# Exercise goal:
Look below for the line holding "Abstract sound waves" and the line holding "Les travailleurs électoraux". Transcribe exactly those lines and all lines between them, nothing more.

# Data:
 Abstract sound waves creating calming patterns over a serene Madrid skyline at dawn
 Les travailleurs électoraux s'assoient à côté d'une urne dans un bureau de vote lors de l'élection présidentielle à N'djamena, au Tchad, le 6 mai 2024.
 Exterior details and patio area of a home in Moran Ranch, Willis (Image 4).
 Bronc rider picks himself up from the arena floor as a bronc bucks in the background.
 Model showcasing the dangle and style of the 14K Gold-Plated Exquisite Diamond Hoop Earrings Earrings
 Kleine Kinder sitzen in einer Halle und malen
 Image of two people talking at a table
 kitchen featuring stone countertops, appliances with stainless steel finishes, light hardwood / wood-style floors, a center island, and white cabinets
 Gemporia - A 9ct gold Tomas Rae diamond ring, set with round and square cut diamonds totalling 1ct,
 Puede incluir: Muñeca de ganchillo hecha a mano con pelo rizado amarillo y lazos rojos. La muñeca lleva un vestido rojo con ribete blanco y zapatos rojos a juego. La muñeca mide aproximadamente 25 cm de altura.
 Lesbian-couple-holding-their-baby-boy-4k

---

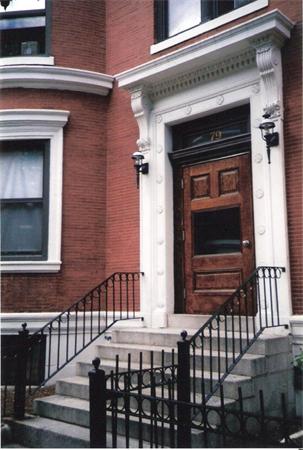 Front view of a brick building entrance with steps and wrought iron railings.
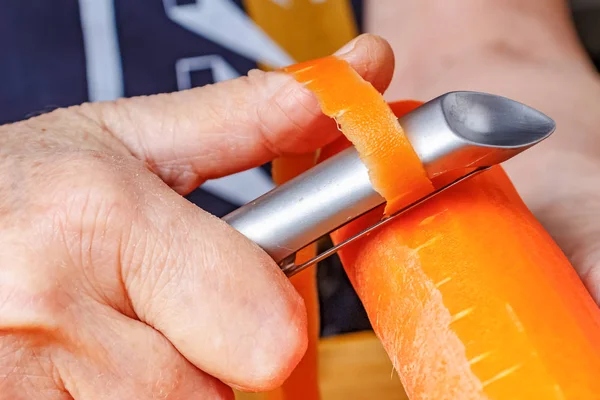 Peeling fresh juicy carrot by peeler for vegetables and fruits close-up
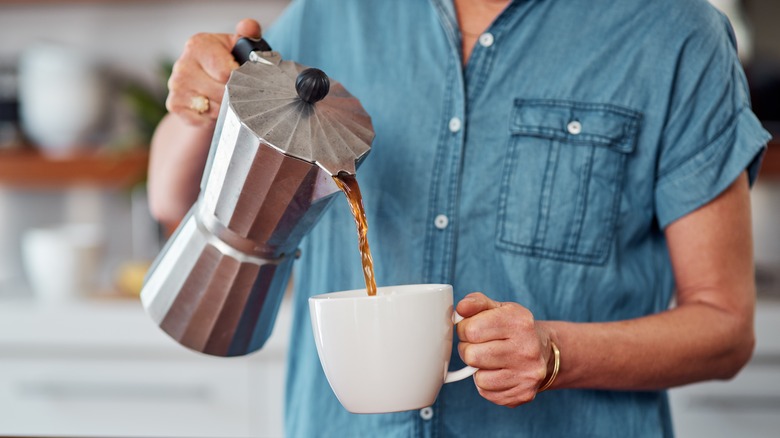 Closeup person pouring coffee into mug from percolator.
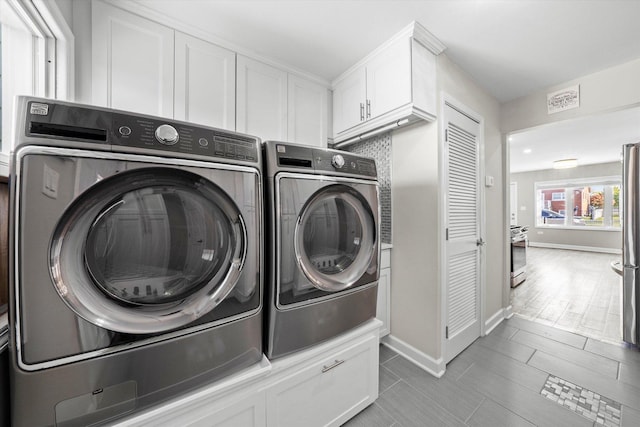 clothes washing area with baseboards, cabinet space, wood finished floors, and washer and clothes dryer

...

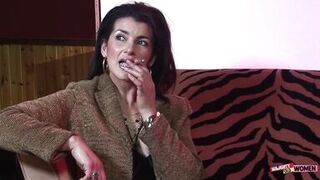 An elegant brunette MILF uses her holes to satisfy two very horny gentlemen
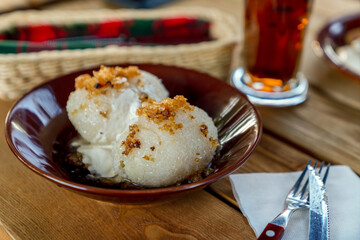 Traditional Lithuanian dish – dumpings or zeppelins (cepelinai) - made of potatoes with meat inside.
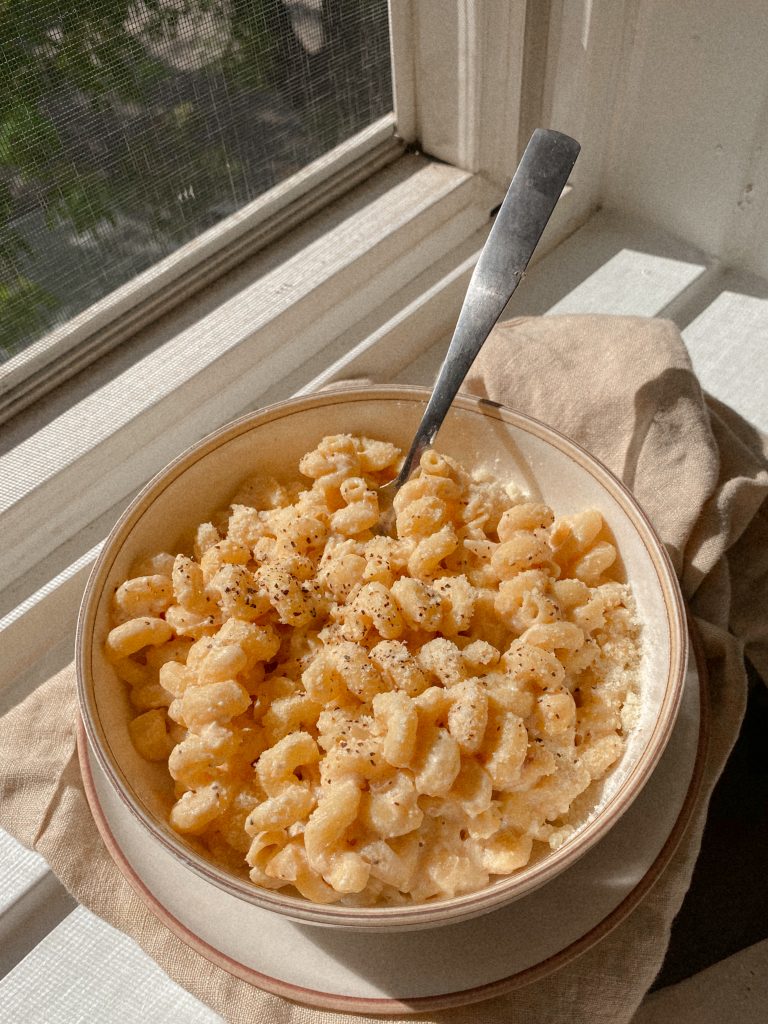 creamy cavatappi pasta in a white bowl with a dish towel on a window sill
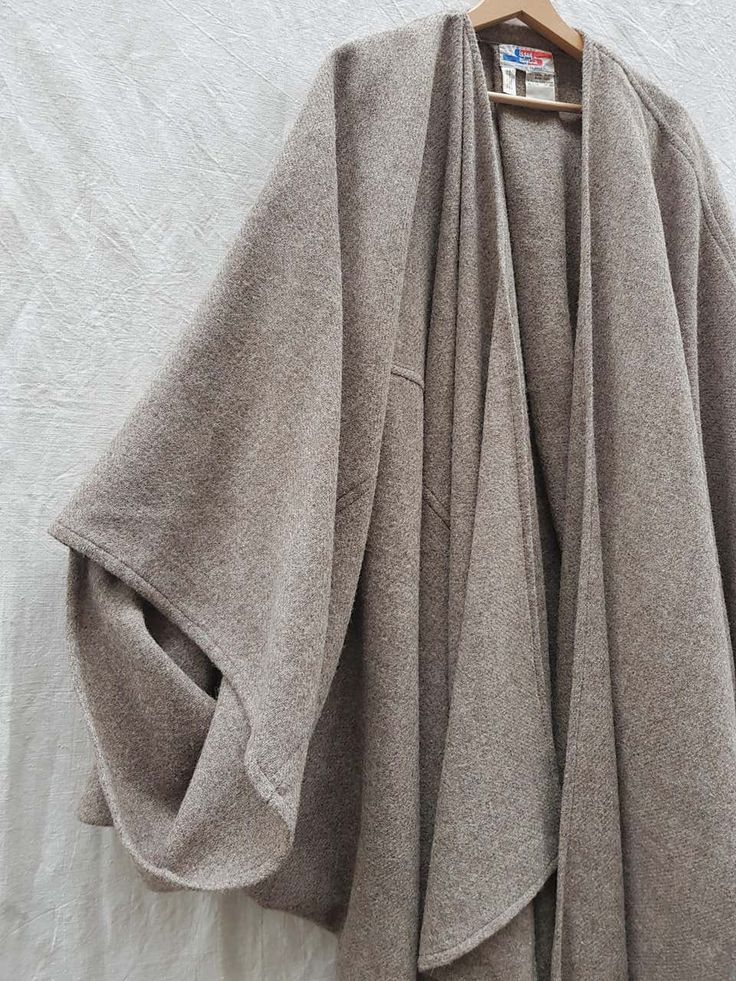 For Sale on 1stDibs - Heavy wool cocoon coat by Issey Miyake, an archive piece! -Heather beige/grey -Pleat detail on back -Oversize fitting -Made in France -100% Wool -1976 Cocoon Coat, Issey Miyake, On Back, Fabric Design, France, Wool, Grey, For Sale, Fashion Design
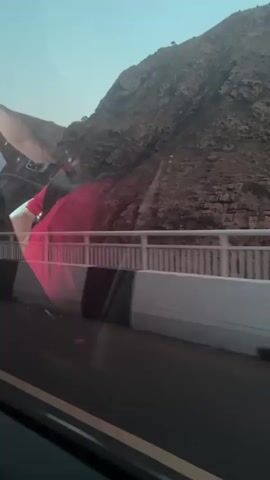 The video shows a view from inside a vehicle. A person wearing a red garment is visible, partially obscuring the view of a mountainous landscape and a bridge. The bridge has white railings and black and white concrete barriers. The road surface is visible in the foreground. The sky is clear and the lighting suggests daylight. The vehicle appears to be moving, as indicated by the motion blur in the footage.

# Task response:
 Abstract sound waves creating calming patterns over a serene Madrid skyline at dawn
 Les travailleurs électoraux s'assoient à côté d'une urne dans un bureau de vote lors de l'élection présidentielle à N'djamena, au Tchad, le 6 mai 2024.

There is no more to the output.